* _ACTIVITY_: When you copy from the entries that follow, take only the lines from the one with "Ốp Điện Thoại" down to the one with "Dispenser di Sapone", keeping both ends and dropping every picture.

* _DATASET RECORDS_:
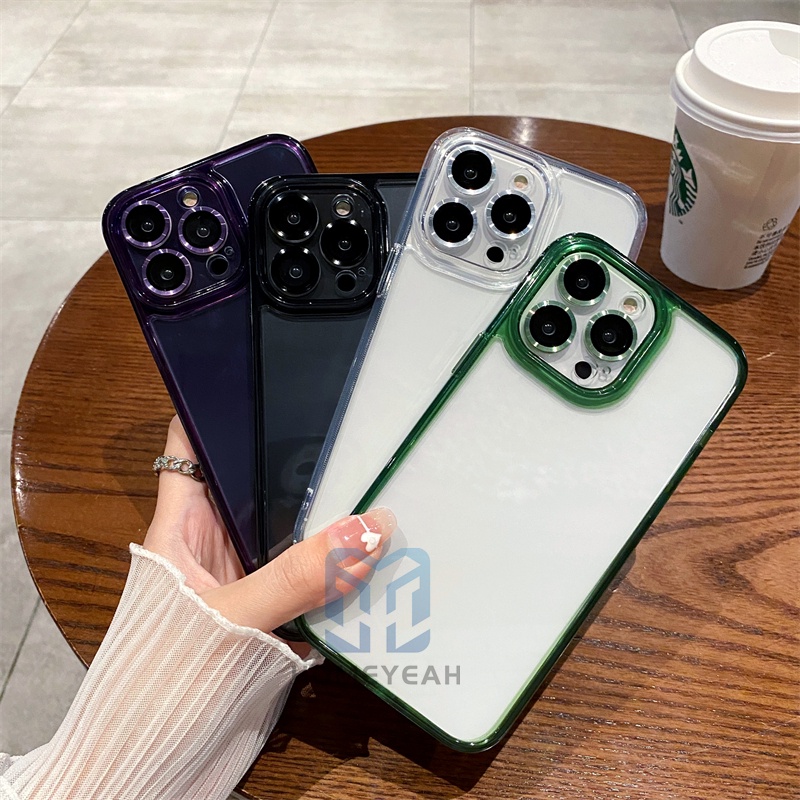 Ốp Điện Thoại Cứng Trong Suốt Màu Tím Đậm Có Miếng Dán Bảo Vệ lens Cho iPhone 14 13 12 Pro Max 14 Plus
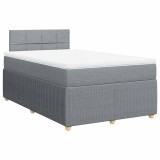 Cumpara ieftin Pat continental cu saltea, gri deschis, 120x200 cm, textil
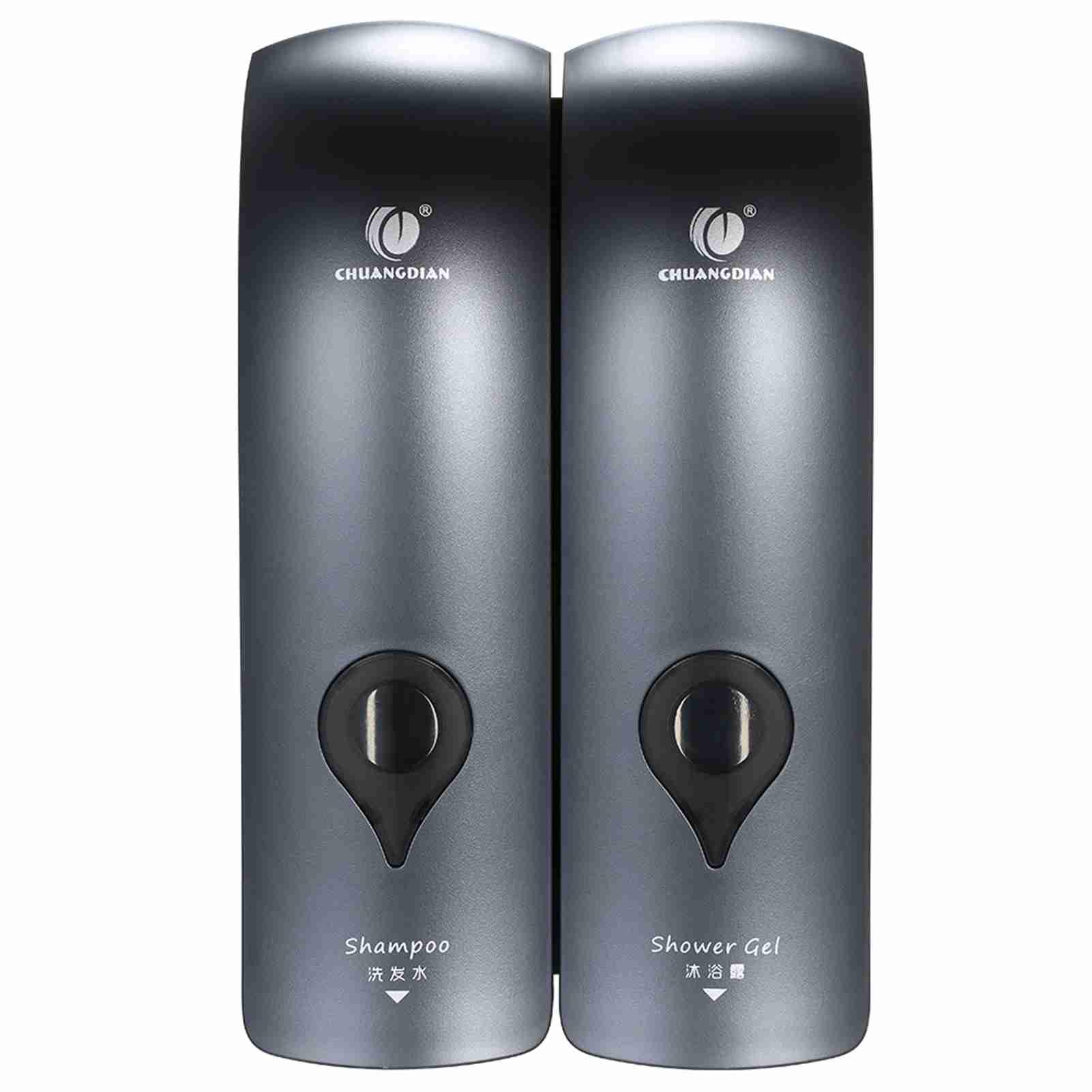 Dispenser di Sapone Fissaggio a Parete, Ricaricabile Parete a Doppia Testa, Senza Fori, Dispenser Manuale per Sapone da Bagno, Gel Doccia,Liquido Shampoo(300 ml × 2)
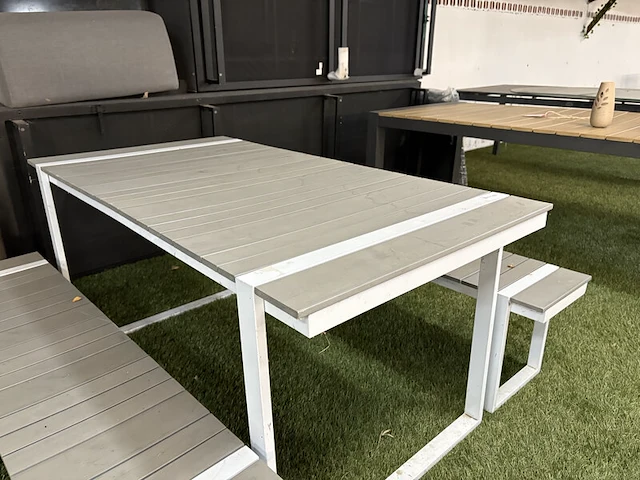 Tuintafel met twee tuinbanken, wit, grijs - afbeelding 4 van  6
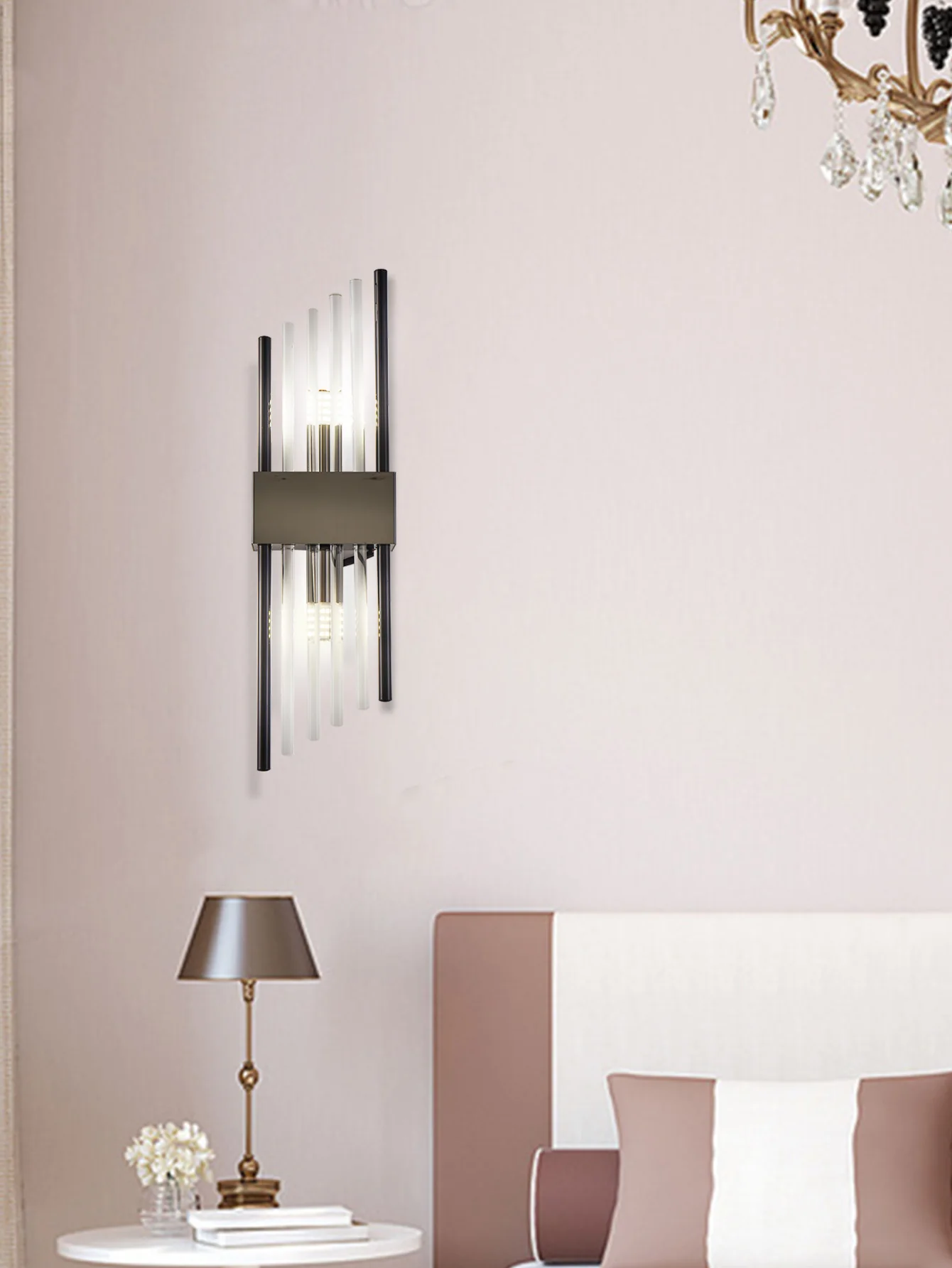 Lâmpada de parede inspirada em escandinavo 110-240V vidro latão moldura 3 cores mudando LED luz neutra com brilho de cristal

* * *

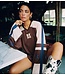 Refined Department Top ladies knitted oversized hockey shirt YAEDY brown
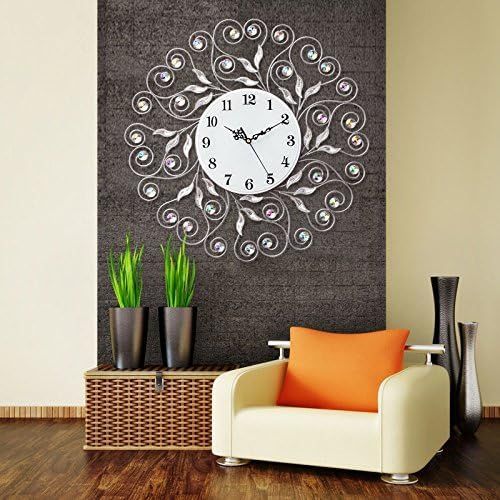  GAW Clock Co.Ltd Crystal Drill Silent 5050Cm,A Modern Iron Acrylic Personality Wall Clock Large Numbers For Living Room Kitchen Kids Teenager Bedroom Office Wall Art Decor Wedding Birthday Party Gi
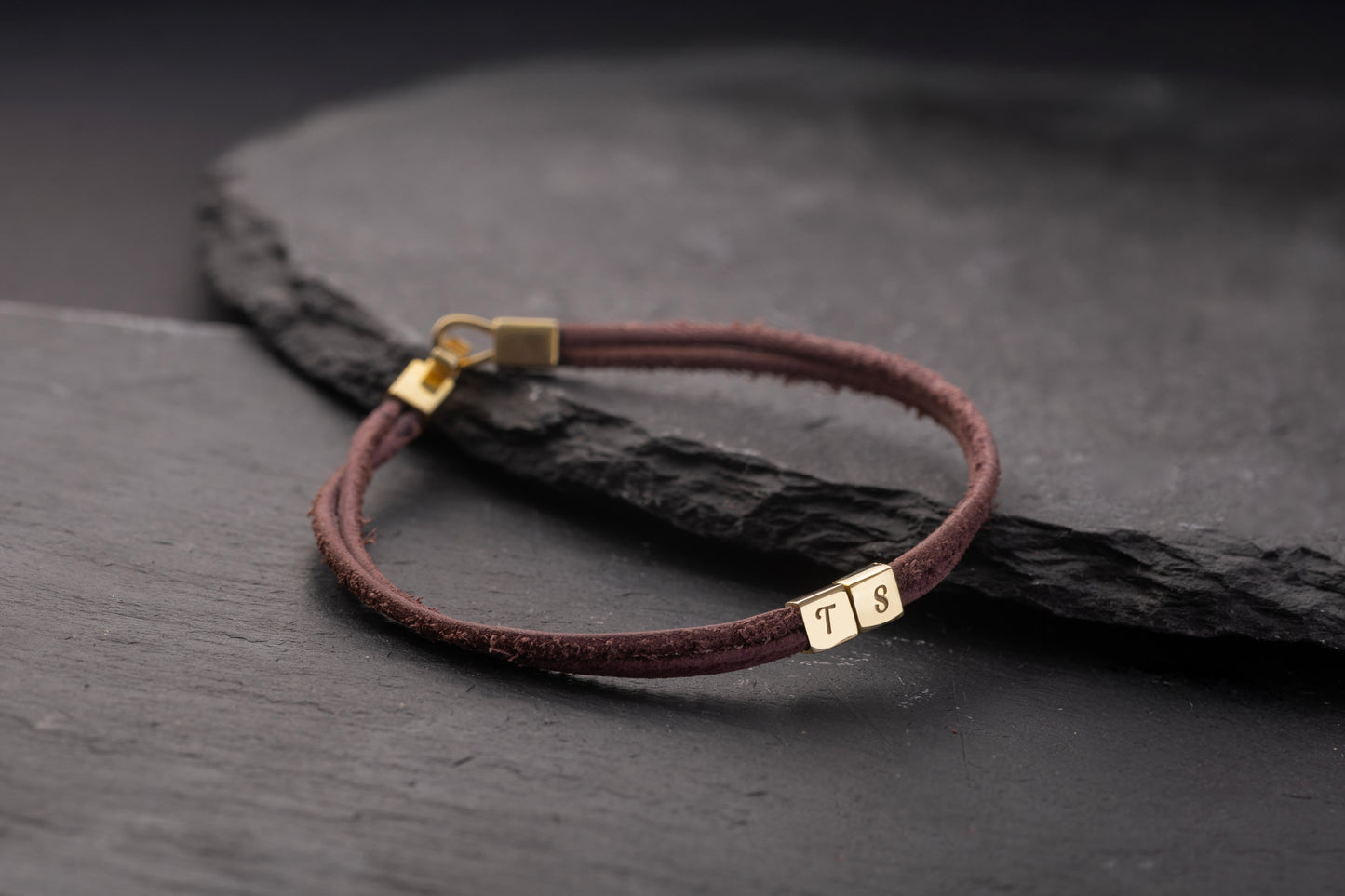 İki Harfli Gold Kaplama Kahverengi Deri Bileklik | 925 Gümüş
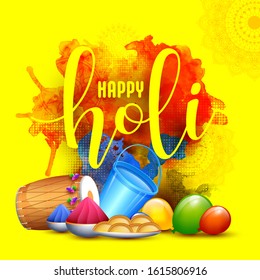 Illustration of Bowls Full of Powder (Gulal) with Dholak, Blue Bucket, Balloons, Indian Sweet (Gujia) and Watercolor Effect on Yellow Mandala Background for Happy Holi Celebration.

...

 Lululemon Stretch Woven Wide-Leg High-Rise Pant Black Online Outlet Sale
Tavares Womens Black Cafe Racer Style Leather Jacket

* _RESPONSE AREA_:
 Ốp Điện Thoại Cứng Trong Suốt Màu Tím Đậm Có Miếng Dán Bảo Vệ lens Cho iPhone 14 13 12 Pro Max 14 Plus
 Cumpara ieftin Pat continental cu saltea, gri deschis, 120x200 cm, textil
 Dispenser di Sapone Fissaggio a Parete, Ricaricabile Parete a Doppia Testa, Senza Fori, Dispenser Manuale per Sapone da Bagno, Gel Doccia,Liquido Shampoo(300 ml × 2)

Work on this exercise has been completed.